The Apocalypse of East Palestine
The most dramatic photos from the train derailment in Ohio weren't taken by photojournalists.
The first time I saw this photo, I was suspicious. The ominous black mass hovering in the sky had to be from a catastrophe other than the train derailment in East Palestine, Ohio. I was wrong.
The photo, posted on Twitter at 6:07pm on February 6th by @dj23white, is real.
Then the Tweet was mysteriously deleted.
But days later, the photo went viral, amplified by @ArithmeticArra1 and @BillyM2k.
Colin Sullender, a postdoctoral researcher at the University of Texas, conducted a fascinating investigation of the photo. Using flight data and satellite imagery, Sullender determined it was most likely taken from Spirit Airlines 334. Sullender’s research prompted Snopes to update their story about the photo from “Unproven” to “True.”
Two other photos of the “controlled burning” taken from airplanes also confirmed the veracity of @dj23white’s image.
Jared McLuhan was traveling on American Airlines flight 1313 from Denver to Philadelphia on February 6th when he saw what he believed was a dark shadow on the clouds. “As the plane flew closer, I knew it was no shadow, but instead the result of something significant burning.” he told Newsweek.
McLuhan told me the time stamp on his photo was 4:45pm.
The other image taken from a plane was posted on Reddit by u/Burge_11. Sullender concluded that this photo was made “minutes before Spirit Airlines 334 passed by at a much lower altitude.”
One of the definitive images of the derailment was taken by East Palestine resident RJ Bobin with a drone.
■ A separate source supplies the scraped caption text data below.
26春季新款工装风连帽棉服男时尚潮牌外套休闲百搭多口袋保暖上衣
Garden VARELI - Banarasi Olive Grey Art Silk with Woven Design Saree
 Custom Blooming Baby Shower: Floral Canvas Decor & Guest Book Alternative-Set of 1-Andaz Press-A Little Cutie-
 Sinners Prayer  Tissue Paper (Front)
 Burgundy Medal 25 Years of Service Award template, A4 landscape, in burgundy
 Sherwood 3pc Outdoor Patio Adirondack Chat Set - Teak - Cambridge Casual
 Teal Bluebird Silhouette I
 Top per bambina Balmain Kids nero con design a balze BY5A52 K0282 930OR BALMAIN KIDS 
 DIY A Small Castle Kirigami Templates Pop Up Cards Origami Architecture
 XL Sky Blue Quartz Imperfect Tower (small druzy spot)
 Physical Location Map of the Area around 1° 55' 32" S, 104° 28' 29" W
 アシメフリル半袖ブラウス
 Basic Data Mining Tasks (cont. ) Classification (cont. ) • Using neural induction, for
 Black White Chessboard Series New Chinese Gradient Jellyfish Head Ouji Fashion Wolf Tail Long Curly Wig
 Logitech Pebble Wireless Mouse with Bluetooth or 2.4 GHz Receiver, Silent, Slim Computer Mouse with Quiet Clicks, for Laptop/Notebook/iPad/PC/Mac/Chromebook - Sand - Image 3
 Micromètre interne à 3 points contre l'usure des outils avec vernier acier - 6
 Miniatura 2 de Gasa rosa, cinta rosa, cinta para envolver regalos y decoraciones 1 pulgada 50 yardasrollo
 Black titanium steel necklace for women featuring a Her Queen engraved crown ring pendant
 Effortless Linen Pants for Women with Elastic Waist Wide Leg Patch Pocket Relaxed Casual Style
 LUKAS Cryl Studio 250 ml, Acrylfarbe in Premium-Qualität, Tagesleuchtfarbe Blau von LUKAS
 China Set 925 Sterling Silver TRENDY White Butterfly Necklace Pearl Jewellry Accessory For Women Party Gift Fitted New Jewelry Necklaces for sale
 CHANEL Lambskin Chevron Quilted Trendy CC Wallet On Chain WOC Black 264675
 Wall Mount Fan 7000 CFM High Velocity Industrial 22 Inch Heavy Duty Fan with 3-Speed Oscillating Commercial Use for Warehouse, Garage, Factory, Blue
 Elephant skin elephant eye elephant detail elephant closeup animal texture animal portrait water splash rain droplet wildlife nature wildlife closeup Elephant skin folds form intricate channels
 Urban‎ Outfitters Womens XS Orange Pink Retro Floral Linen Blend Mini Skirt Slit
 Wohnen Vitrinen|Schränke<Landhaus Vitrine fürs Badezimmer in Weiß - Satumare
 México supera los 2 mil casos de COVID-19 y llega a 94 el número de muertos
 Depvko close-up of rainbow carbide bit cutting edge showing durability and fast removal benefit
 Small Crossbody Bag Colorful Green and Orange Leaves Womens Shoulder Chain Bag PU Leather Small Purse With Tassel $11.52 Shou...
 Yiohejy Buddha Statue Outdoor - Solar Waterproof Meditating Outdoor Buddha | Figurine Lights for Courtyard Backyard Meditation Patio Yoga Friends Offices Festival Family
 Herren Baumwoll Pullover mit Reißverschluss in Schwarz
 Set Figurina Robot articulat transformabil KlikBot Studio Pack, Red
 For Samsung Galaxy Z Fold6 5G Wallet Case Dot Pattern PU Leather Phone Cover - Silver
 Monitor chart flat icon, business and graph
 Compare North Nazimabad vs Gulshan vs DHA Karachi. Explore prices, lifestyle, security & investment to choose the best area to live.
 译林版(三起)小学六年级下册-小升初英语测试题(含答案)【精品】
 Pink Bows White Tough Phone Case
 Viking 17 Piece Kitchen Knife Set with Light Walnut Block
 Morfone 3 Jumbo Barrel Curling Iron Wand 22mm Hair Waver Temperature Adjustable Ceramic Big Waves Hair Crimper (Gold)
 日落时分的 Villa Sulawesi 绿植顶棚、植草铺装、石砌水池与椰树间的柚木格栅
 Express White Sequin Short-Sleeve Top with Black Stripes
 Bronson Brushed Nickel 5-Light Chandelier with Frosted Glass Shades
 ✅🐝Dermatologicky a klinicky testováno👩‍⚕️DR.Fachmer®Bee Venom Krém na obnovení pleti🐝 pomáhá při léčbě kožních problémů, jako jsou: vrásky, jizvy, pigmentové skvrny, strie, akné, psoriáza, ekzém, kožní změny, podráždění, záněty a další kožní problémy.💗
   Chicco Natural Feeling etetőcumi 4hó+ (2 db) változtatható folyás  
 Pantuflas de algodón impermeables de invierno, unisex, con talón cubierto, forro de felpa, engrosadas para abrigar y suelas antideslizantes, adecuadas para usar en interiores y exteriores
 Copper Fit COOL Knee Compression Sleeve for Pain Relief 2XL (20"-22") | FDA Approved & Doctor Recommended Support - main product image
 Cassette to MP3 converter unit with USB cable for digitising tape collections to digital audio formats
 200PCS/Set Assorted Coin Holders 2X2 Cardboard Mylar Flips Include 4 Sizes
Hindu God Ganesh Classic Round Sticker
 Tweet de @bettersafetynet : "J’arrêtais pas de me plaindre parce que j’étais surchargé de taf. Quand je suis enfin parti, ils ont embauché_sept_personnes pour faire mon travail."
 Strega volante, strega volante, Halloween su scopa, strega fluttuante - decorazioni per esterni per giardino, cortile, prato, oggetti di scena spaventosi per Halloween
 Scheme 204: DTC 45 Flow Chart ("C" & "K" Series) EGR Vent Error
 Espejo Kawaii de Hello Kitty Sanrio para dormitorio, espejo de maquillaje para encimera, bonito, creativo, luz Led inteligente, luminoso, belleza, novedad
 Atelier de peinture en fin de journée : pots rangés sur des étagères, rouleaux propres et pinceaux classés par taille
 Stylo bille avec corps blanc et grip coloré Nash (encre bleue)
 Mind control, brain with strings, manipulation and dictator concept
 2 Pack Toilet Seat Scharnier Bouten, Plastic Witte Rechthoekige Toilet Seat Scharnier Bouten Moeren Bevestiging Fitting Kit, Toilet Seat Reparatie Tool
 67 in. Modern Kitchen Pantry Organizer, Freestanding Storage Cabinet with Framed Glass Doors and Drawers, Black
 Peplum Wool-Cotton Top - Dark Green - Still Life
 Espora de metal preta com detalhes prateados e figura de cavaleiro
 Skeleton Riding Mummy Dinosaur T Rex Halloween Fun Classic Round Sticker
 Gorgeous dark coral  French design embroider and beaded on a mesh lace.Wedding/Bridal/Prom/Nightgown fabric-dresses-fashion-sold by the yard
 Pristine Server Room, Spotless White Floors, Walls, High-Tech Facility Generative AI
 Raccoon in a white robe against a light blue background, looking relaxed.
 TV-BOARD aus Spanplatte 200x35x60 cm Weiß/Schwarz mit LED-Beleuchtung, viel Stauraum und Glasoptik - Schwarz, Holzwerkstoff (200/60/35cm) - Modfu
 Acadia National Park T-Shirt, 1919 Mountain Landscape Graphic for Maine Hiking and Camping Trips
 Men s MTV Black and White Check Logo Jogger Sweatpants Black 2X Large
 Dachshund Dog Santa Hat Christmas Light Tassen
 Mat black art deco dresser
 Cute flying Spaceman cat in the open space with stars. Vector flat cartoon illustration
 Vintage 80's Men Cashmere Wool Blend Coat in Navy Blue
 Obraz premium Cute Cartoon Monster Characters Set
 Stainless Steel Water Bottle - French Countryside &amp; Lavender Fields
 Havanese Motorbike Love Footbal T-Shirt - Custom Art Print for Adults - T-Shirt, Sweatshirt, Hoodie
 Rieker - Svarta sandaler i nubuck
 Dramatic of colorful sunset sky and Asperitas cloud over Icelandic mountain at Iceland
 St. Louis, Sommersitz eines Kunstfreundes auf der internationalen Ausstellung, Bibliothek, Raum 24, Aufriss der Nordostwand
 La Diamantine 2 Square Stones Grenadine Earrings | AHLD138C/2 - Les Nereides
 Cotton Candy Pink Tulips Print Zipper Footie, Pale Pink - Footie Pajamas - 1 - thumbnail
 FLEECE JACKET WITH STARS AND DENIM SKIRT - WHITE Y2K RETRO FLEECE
Bobin’s photo, first posted by his son on Facebook, captures an incredible sense of place and scale of the burning.
Bobin told me he heard several loud explosions around 4:40pm February 6th, then walked outside his home. “I was stopped in my tracks,” he said, “The shear size of the cloud going into the sky left my son Evan and I with our mouth's wide open.” Bobin made some photos with his iPhone then turned to his son, “I need to capture this with my drone.”
“It didn't seem real. The sheer size was intimidating. It seemed like anything but controlled,” Bobin said. “I landed the drone on my back deck in front of my dog and checked out the pics and video. I knew I had something special. I also knew I had to get my kids out of there as the cloud was increasing in size and being pushed down by a temperature inversion. My kids and I left for the night.”
Bobin’s photo was everywhere. Echoes of Chernobyl.
“This picture should be on the front page of every paper in America tomorrow morning,” @CitizenFreePres tweeted. Had Bobin’s photo been picked up by the wires on February 6th there’s a good chance it would have been. However, the fact it wasn’t being published by news organizations, but widely seen on every social media platform, fueled the false notion that the story was being ignored.
One of the earliest, and most eerie, photos of the derailment was taken by John Bibbee with an iPhone from his back porch in Darlington, PA on February 3rd.
“I’m about 2.3 miles from the wreck,” Bibbee told me. “The smell is overwhelming. It smells like pvc pipe or lacquer thinner.”